Institute for War and Peace Reporting
By Caroline Tosh
February 9, 2007
Defence and prosecution teams in case against Prlic and others claim rush to complete trials seriously affects fairness of proceedings.
The prosecution and defence in the trial of six former Bosnian Croat officials are protesting against strict time constraints imposed by tribunal judges, claiming pressure to meet deadlines imposed by the court’s completion strategy is being given priority over the fairness of proceedings.
The tribunal is due to close its doors in 2010, and all first-instance trials have to be finished by 2008.
The six Bosnian Croats, Jadranko Prlic, Bruno Stojic, Slobodan Praljak, Milivoj Petkovic, Valentin Coric and Berislav Pusic - senior political and military leaders of an unrecognised Croat entity known as “Herceg-Bosna” - face 26 counts of war crimes for the expulsion and murder of Muslims in Bosnia and Hercegovina during the Croatian-Muslim conflict in 1993.
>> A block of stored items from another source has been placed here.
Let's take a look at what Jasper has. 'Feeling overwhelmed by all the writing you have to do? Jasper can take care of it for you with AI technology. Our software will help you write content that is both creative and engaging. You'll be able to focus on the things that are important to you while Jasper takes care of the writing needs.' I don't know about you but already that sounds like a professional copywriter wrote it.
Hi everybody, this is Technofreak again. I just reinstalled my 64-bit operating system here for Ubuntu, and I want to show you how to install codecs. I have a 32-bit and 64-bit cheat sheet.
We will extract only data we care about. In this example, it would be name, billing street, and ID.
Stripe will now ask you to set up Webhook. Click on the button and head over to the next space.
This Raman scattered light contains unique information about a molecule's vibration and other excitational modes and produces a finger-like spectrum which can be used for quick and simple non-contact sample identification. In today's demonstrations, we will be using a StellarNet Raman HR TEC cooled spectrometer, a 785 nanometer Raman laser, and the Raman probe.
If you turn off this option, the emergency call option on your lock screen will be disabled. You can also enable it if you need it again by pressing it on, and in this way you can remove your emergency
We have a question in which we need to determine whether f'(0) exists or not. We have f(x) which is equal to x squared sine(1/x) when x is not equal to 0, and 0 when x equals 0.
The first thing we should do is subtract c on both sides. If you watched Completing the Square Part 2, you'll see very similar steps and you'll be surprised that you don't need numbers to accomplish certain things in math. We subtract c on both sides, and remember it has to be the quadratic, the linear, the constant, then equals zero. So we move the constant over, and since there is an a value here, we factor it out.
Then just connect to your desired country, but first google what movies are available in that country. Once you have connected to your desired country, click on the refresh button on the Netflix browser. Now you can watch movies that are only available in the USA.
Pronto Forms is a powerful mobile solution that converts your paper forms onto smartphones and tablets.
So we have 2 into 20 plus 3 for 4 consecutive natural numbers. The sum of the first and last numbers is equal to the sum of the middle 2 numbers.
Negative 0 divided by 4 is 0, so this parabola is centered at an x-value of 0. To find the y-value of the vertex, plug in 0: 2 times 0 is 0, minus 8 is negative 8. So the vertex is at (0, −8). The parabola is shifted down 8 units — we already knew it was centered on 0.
Time restrictions have been a reoccurring feature of this trial since it began on April 26 2006, when presiding judge Jean-Claude Antonetti ordered the prosecution to cut its case to 400 hours from the 450 it requested.
Then on May 8, the judge ordered that for their cross examination of each witness, the defence teams would each have a sixth of the time used by the prosecution for its examination in chief - unless they reached an agreement among themselves to divide the time otherwise.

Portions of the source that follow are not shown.